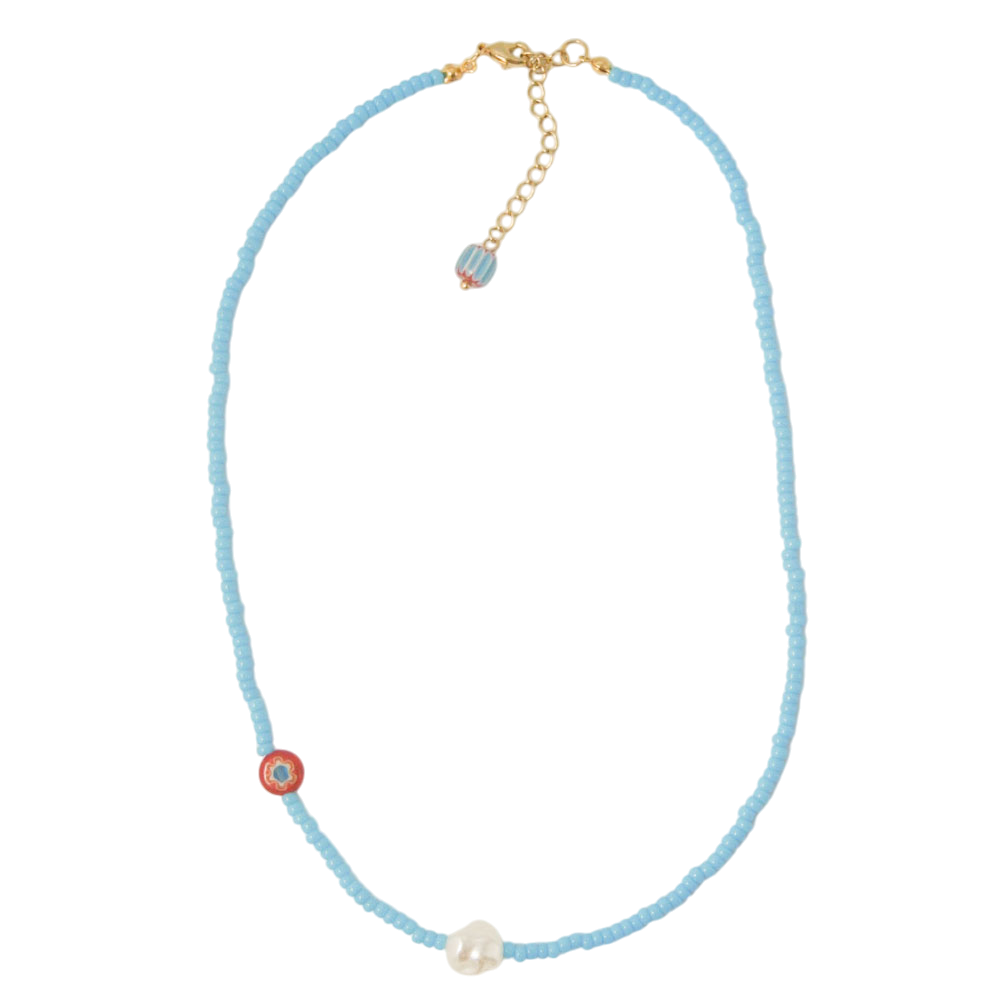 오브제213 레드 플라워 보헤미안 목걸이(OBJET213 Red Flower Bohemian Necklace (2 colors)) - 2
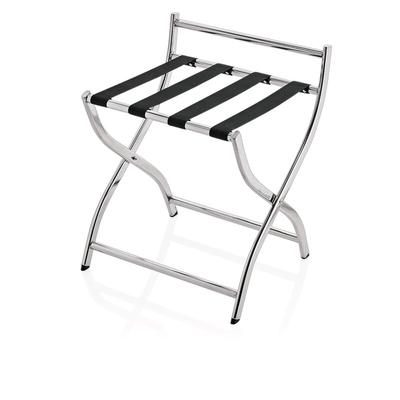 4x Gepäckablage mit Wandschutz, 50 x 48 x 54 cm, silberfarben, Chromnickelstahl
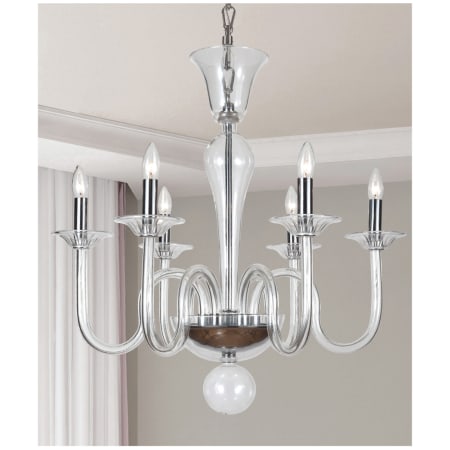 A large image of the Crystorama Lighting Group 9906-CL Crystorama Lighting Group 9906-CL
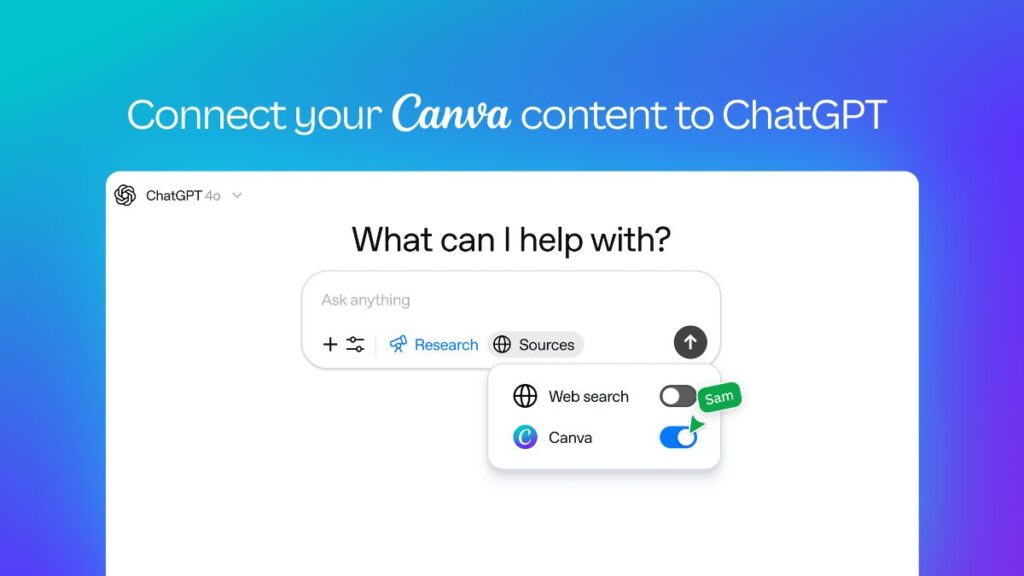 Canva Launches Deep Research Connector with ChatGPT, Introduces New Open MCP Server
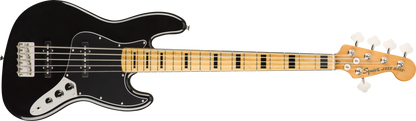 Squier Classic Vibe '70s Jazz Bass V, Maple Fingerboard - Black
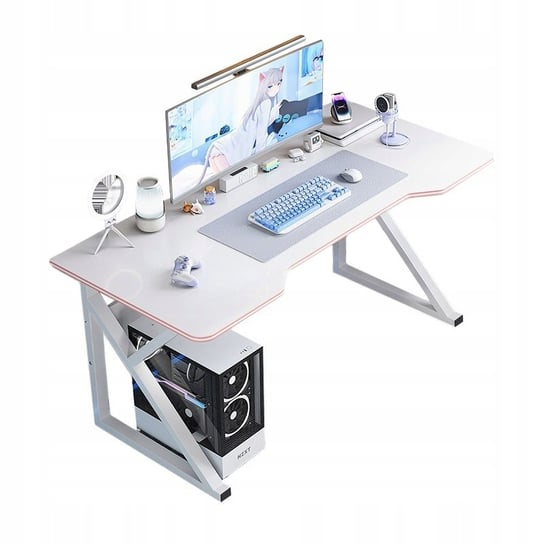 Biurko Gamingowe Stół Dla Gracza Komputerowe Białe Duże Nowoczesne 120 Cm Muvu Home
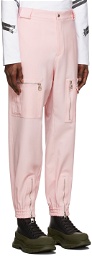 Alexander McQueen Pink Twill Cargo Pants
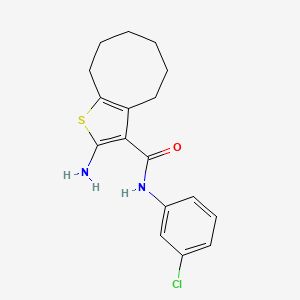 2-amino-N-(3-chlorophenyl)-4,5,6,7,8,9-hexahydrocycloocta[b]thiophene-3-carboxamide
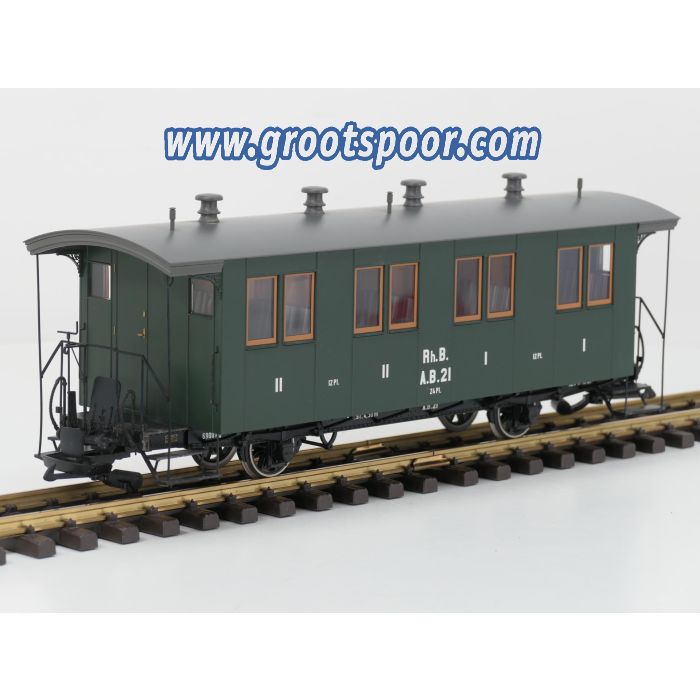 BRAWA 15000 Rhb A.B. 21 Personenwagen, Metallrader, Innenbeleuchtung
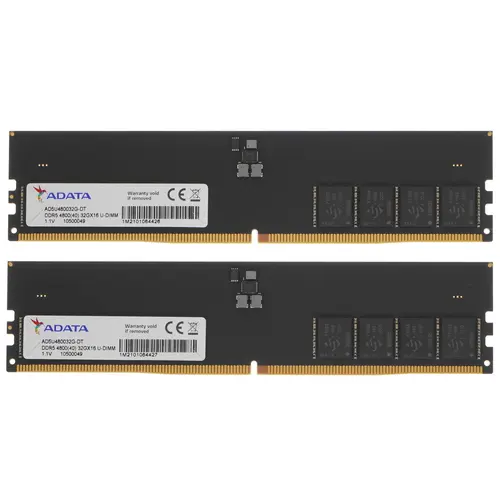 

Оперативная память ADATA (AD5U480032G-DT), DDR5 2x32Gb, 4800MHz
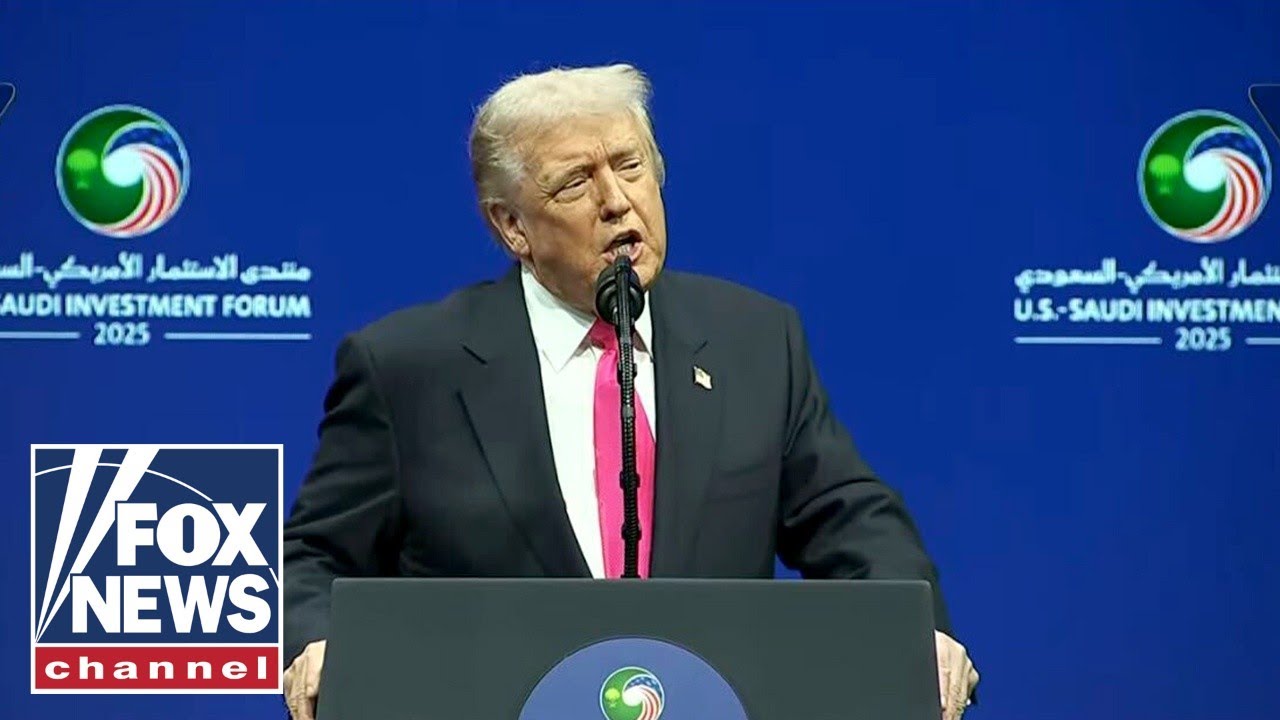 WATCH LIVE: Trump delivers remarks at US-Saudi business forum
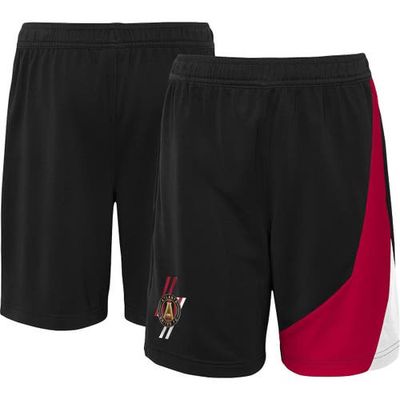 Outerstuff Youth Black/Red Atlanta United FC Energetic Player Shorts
——————
> [Activity] Please copy the lines above exactly as written, apart from any pictures.

> [Solution]
 오브제213 레드 플라워 보헤미안 목걸이(OBJET213 Red Flower Bohemian Necklace (2 colors)) - 2
 4x Gepäckablage mit Wandschutz, 50 x 48 x 54 cm, silberfarben, Chromnickelstahl
 A large image of the Crystorama Lighting Group 9906-CL Crystorama Lighting Group 9906-CL
 Canva Launches Deep Research Connector with ChatGPT, Introduces New Open MCP Server
 Squier Classic Vibe '70s Jazz Bass V, Maple Fingerboard - Black
 Biurko Gamingowe Stół Dla Gracza Komputerowe Białe Duże Nowoczesne 120 Cm Muvu Home
 Alexander McQueen Pink Twill Cargo Pants
 2-amino-N-(3-chlorophenyl)-4,5,6,7,8,9-hexahydrocycloocta[b]thiophene-3-carboxamide
 BRAWA 15000 Rhb A.B. 21 Personenwagen, Metallrader, Innenbeleuchtung

Оперативная память ADATA (AD5U480032G-DT), DDR5 2x32Gb, 4800MHz
 WATCH LIVE: Trump delivers remarks at US-Saudi business forum
 Outerstuff Youth Black/Red Atlanta United FC Energetic Player Shorts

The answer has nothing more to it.